Het afspiegelingsbeginsel geldt bij ontslag om bedrijfseconomische redenen en is wettelijk verplicht. Middels het afspiegelingsbeginsel (ook wel afspiegelingsprincipe genoemd) wordt de volgorde van ontslag van werknemers bepaald.
Bij ontslag om bedrijfseconomische redenen ontslaat de werkgever eerst ingehuurd personeel zoals uitzendkrachten en zzp’ers.
Daarna volgen AOW-gerechtigden, oproepkrachten en werknemers die werken op een tijdelijke arbeidsovereenkomst die nog <26 weken duurt.

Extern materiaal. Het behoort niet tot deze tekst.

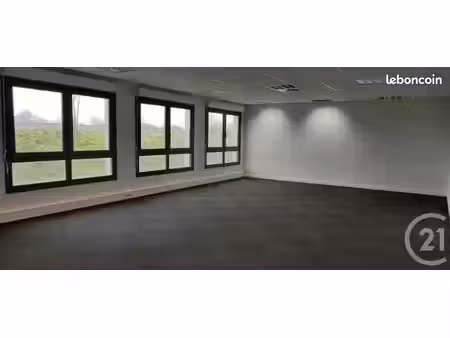 bureau 64 m²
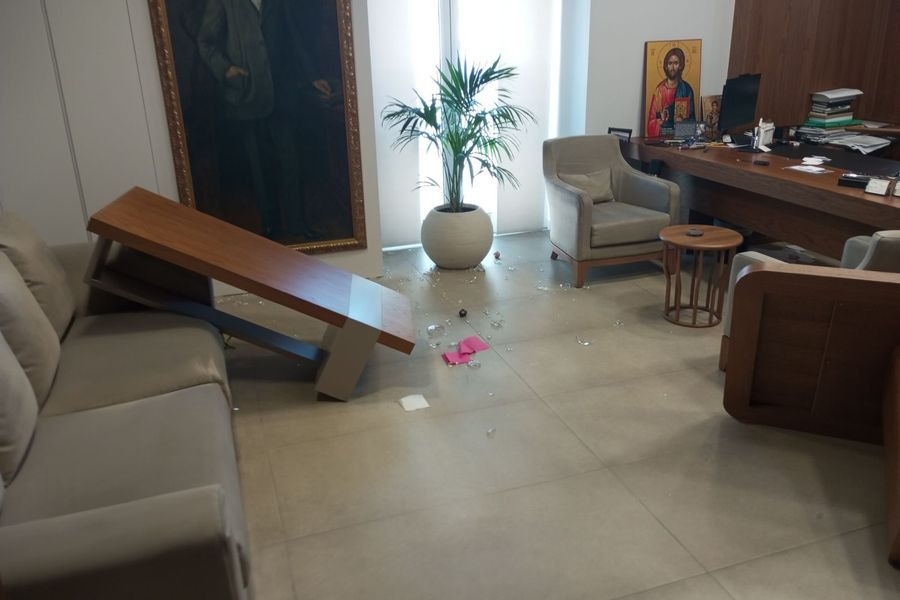 Αναστάτωση στο Δημαρχείο Ρεθύμνου – Άντρας προκάλεσε ζημιές στο γραφείο του Δημάρχου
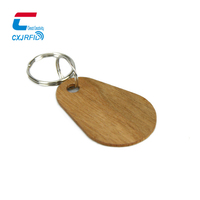 Porte-clés RFID NFC en bambou classique EV1 1K 13,56 MHz NTAG213 étanche
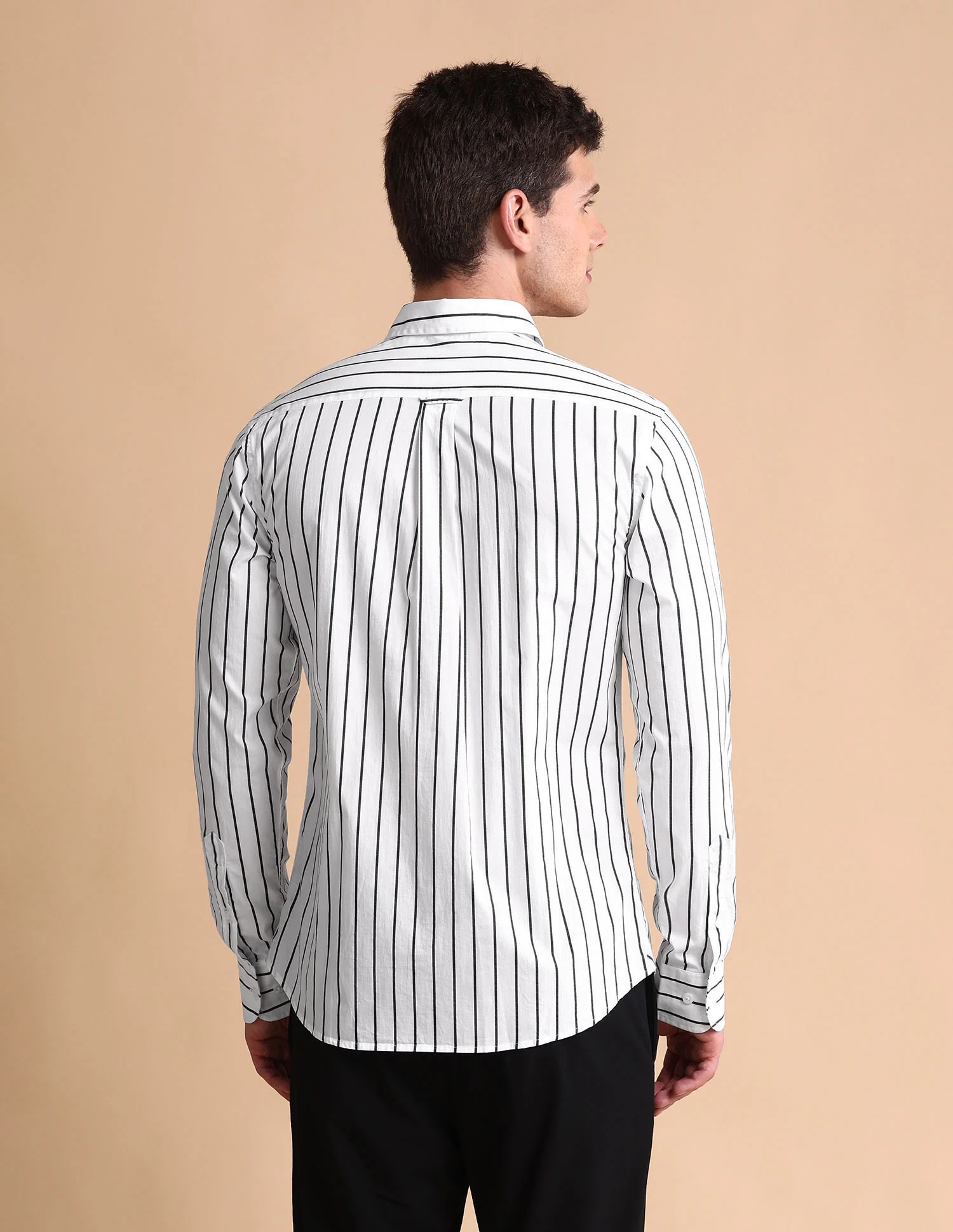 Vertical Striped Tailored Fit Shirt - Image 5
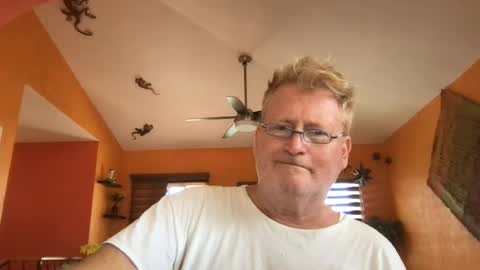 Snapshot of tomascausa chatting on July 17, 10:14 pm Hola online show from July 17, 10:14 pm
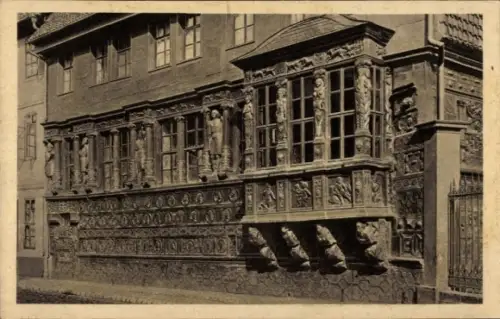 Ak Hildesheim in Niedersachsen,  Kaiserhaus,  Fassade, geschnitzte Figuren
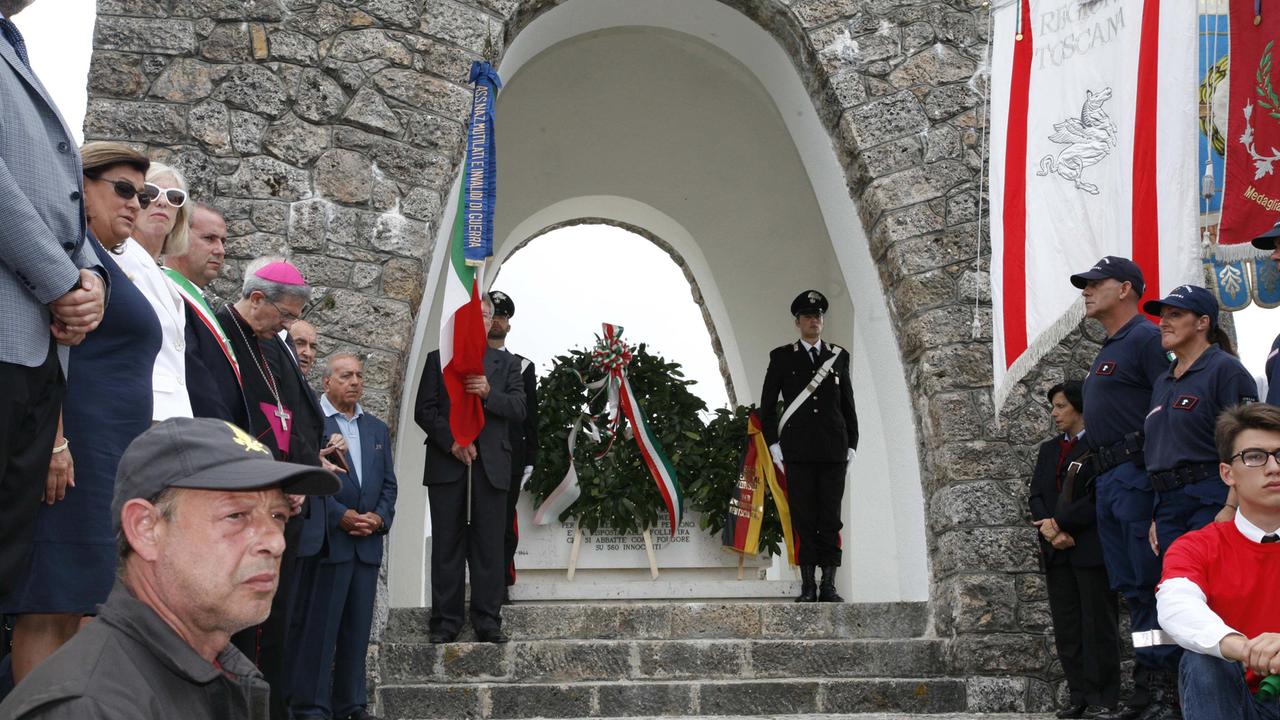 La cerimonia di commemorazione a Sant'Anna di Stazzema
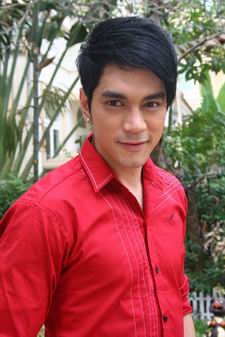 เรือนล้อมรัก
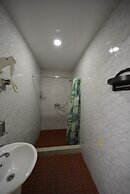 Capsule hotel ALOHA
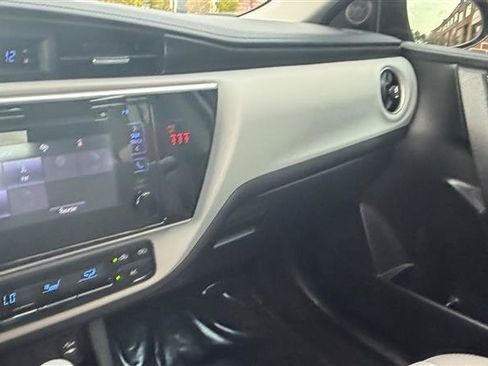 Used 2019 Toyota Corolla LE FWD image 31
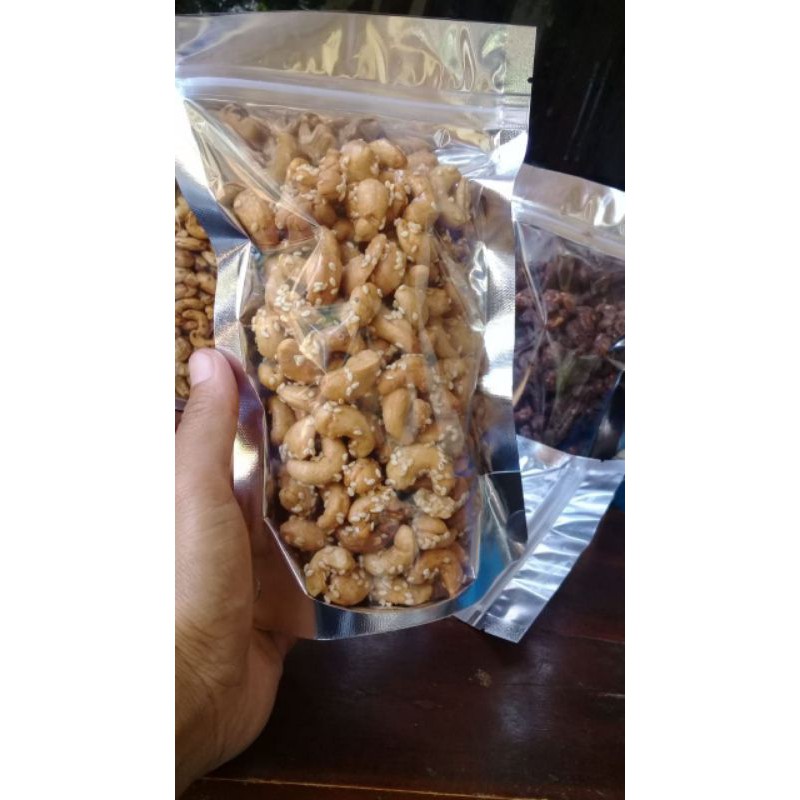 

1 KG KACANG METE / MEDE ASLI WONOGIRI BERBAGAI PILIHAN RASA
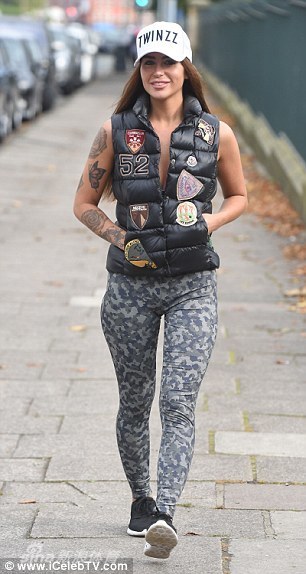 珍妮汤普森大胆着装上街跑步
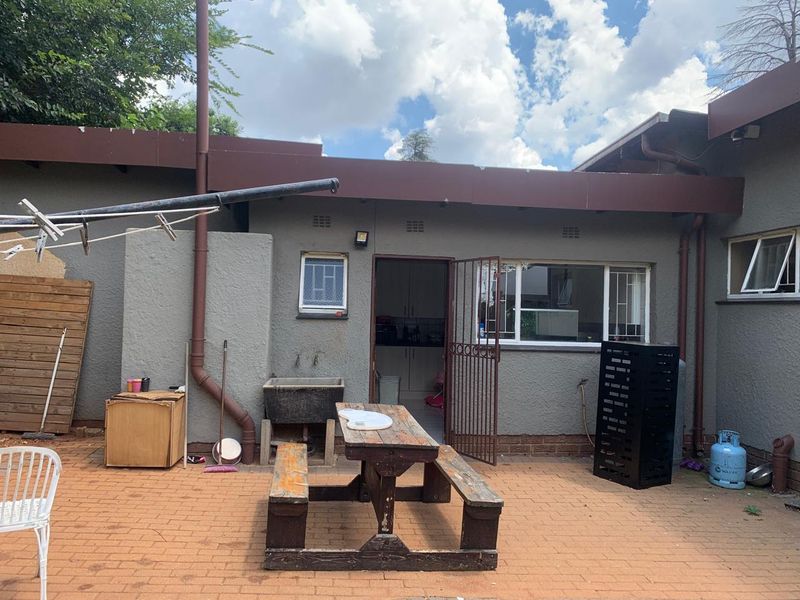 "Discover your home with this stunning property" - Photo 2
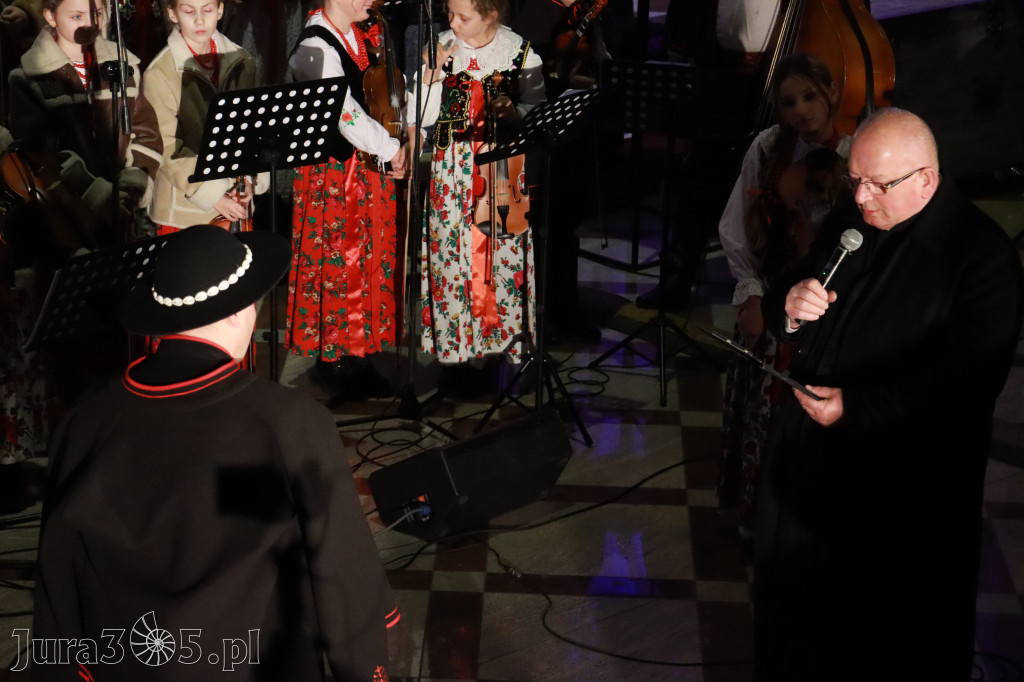 Fotorelacja: Koncert Bożonarodzeniowy kapeli Głos Beskidu w Zawierciu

Tenslotte worden werknemers met bijna dezelfde functie (functies die naar aard, inhoud, functieniveau, beloning en omstandigheden vergelijkbaar en gelijkwaardig zijn) ingedeeld in vijf leeftijdsgroepen (<25, 25 – 35, 35 – 45, 45 – 55, en >55 jaar). De werkgever vermenigvuldigt het percentage werknemers per leeftijdsgroep (werknemers leeftijdsgroep t.o.v. het totaal aantal werknemers in alle leeftijdsgroepen) met het benodigde aantal ontslagen. Uitkomsten van >.5 worden naar boven afgerond. Voor werknemers uit dezelfde leeftijdscategorie geldt dat de werknemer(s) met het kortste dienstverband ontslagen worden. Op deze manier blijft de verhouding tussen werknemers in de verschillende leeftijdsgroepen vóór en ná ontslag zoveel mogelijk gelijk.
Bij een enkele werknemer in de functiegroep, vervallen van een volledige categorie uitwisselbare functies, beëindigen van bedrijfsactiviteiten, een onmisbare werknemer of een werknemer met een zwakke arbeidsmarktpositie kan worden afgeweken van het afspiegelingsbeginsel.
Na ontslag wegens bedrijfseconomische redenen hebben ontslagen werknemers veelal door het UWV een voorkeurspositie ontvangen (wederindiensttredingsvoorwaarde voor werkgever). Wanneer de werkgever binnen 26 weken na het ontslag weer personeel aantrekt, dient de werkgever de ontslagen werknemers in de gelegenheid te stellen om dezelfde werkzaamheden weer te hervatten. Doet de werkgever dit niet, dat stelt UWV dat de ontslagtoestemming nooit is verleend.